De todas maneras, esto no detuvo el afán de Perceval de conseguir un medio donde publicar su supuesto hallazgo, por lo que se comunicó con personal de Diario Popular, a quienes tampoco logró convencer para que trataran esa historia tan particular. Acerca de la insistencia del periodista, el jefe de redacción de esta publicación manifestó: “Daba la impresión que creyó que a nosotros nos interesa cualquier información imposible de creer, lo que nos proponía realmente resultaba muy absurdo, no porque escribamos para gente de clase media o baja, tiene derecho a subestimarnos”.

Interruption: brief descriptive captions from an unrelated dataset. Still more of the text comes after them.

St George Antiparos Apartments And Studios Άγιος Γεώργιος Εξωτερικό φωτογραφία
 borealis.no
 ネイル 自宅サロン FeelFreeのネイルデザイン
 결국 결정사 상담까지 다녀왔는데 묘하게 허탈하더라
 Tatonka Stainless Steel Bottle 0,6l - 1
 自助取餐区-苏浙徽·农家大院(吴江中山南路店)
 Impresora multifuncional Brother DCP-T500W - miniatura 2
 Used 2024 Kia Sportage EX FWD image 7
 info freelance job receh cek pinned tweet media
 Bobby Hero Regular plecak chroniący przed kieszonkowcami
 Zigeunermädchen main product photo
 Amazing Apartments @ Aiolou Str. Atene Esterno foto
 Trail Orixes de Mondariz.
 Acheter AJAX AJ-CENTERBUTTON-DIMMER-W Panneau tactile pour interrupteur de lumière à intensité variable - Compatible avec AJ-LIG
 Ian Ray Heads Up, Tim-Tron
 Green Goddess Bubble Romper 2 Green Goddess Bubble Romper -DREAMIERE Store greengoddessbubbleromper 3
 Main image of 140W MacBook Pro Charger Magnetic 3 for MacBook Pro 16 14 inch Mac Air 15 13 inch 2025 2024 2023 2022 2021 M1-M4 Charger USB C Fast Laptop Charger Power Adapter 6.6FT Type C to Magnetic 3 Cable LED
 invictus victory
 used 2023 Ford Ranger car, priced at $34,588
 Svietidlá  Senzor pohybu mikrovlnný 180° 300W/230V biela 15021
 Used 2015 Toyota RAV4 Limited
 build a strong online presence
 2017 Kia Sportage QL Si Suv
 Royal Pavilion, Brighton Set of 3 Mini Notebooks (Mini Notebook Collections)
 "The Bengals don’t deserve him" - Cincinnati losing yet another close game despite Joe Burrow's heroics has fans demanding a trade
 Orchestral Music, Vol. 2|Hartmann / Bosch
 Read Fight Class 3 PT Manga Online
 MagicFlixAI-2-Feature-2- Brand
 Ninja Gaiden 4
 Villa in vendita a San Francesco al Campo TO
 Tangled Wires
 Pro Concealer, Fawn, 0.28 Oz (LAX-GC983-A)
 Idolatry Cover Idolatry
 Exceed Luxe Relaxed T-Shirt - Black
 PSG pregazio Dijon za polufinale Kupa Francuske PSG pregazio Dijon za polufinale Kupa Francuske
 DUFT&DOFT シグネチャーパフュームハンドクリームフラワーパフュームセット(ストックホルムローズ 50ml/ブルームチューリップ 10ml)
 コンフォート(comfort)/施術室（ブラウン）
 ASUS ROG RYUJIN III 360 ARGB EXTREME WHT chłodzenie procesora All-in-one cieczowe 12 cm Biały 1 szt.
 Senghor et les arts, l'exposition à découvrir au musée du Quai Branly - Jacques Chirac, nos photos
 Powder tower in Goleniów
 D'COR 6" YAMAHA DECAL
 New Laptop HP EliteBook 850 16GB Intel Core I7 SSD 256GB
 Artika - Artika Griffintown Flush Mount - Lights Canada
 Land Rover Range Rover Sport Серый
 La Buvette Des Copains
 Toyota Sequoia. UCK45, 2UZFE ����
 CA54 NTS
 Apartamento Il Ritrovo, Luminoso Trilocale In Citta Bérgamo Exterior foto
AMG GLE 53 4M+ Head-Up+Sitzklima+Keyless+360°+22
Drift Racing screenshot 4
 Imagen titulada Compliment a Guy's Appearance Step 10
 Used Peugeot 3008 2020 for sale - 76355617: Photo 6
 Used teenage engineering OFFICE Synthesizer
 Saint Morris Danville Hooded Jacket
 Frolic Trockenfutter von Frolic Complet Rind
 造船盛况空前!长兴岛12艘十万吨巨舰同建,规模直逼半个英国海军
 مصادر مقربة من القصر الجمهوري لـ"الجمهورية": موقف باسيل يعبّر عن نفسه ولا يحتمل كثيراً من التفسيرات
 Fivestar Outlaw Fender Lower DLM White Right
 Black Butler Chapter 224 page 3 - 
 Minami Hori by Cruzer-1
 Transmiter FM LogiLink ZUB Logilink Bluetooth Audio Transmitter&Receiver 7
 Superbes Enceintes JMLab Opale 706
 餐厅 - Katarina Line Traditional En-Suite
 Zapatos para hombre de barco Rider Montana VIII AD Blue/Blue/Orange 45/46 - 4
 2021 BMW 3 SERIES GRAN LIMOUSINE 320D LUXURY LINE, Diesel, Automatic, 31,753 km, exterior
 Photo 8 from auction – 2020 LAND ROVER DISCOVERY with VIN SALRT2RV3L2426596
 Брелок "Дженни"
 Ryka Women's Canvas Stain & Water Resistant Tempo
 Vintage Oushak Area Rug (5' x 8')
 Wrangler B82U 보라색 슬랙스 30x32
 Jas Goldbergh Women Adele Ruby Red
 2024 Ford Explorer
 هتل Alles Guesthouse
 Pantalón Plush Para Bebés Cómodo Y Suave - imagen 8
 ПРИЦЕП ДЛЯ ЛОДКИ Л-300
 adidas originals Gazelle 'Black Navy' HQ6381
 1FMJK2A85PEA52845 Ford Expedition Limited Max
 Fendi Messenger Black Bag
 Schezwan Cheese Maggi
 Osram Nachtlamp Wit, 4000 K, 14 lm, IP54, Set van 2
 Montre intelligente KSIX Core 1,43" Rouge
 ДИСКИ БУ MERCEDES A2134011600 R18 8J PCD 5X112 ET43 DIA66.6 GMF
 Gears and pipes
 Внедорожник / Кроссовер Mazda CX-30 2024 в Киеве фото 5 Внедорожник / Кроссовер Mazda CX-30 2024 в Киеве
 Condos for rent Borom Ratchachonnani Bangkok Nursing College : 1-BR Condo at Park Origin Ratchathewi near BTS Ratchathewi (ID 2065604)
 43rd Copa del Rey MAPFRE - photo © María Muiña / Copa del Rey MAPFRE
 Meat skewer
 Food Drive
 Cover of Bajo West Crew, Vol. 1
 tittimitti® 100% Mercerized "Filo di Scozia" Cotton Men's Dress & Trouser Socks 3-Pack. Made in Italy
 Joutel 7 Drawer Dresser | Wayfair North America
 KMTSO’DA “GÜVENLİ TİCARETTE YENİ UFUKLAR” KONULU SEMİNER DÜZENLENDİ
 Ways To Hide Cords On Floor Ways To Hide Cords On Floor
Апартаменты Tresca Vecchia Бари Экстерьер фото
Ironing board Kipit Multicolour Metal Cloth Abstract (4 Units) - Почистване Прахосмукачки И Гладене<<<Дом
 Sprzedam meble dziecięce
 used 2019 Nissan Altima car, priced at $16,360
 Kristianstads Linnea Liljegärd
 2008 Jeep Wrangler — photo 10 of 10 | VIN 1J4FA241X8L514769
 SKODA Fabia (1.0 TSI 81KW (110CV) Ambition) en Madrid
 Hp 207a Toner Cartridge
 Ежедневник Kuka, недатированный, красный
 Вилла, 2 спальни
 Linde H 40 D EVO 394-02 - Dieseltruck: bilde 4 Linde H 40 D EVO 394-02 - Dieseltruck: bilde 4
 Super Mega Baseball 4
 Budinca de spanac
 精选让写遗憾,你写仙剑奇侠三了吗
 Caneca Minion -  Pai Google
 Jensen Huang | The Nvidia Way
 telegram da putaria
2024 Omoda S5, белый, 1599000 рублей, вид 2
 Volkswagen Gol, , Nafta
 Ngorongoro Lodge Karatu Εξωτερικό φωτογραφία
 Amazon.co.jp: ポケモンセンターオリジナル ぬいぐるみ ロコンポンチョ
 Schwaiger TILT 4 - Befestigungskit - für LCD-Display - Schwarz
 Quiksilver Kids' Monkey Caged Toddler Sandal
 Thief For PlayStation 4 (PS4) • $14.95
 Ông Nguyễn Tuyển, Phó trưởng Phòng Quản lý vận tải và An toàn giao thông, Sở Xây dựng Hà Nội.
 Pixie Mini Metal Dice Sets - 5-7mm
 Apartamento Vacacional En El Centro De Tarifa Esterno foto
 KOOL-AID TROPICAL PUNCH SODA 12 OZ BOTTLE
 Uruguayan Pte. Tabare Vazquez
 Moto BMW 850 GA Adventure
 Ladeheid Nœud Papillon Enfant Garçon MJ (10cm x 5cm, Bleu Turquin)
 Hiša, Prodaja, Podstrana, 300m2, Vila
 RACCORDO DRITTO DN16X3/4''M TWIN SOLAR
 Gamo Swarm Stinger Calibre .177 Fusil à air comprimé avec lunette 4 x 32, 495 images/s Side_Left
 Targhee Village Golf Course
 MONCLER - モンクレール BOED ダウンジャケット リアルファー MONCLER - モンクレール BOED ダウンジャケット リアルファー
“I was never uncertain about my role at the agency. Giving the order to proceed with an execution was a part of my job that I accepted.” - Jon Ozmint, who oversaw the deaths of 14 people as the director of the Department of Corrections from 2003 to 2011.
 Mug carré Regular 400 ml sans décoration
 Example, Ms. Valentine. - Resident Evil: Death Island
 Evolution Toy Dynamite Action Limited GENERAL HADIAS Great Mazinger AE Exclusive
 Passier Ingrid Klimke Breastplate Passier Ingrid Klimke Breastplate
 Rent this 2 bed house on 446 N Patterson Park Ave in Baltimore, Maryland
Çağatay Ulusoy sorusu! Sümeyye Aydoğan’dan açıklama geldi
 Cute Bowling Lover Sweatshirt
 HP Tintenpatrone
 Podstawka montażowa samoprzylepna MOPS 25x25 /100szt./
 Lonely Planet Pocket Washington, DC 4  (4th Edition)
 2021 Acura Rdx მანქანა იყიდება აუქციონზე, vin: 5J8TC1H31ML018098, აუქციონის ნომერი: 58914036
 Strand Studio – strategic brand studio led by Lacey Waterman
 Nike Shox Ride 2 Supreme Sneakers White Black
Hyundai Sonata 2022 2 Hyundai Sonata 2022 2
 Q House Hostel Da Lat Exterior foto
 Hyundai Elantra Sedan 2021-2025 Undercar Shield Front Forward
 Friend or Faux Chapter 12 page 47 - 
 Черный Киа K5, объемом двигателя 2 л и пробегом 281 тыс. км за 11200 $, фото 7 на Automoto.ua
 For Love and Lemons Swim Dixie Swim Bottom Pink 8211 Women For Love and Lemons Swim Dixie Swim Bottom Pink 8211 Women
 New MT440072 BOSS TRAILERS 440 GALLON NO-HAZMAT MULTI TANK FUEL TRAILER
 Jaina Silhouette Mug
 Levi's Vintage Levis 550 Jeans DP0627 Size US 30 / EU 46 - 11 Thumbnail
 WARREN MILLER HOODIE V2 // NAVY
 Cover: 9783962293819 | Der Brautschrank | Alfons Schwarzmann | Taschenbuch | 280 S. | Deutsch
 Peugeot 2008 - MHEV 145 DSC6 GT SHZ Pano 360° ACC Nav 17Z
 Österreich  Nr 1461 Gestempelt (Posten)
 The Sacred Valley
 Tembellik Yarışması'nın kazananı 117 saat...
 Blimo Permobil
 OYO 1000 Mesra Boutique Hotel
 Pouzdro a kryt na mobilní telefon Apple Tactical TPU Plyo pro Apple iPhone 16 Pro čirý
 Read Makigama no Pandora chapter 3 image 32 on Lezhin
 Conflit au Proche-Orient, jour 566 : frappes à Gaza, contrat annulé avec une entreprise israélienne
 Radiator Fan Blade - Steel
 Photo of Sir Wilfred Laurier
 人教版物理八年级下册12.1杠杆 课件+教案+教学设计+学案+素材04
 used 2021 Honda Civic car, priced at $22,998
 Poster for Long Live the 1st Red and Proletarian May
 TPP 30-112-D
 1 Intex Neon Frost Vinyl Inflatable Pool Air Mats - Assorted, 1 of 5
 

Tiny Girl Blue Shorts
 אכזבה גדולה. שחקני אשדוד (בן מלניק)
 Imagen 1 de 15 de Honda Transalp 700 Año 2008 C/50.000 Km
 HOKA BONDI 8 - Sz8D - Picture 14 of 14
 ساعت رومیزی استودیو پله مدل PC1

   Seguramente Herrera concluyó que si los medios no le creían, tal vez alguien que tuviera estudios de épocas antiguas no se alarmara ante la idea de que semejante criatura yaciera en su terraza, así fue cómo desembocó en la iglesia de la zona, donde lo consultó al Padre Erro, reconocido medievalista, pero éste no podía concebir la idea que el cronista la planteaba, más allá de todos sus conocimientos teológicos.
Las constantes negativas de la gente a la que Perceval intentó “venderle” la historia del hipogrifo lo consternaron mucho, según comentaron los vecinos que lo vieron regresar a su edificio. Rato después, lo vieron en la azotea del edificio, parado sobre la balaustrada y gritándole a los transeúntes.

   Después de haber convocado en pocos minutos a los vecinos en las cercanías al lugar, el periodista cayó al vacío, mientras que continuaba afirmando que tenía en su poder a ese ser legendario. Luego del trágico deceso, el portero del edificio reflexionó sobre que lo pudo llevar a tal determinación: “Es una lástima lo que ocurrió porque parecía un muchacho tan capaz. La gente lo señalaba y lo trató de loco, pero yo creo que se sintió ignorado en su ambiente profesional y todo lo que hizo fue una manera de llamar la atención de la sociedad”.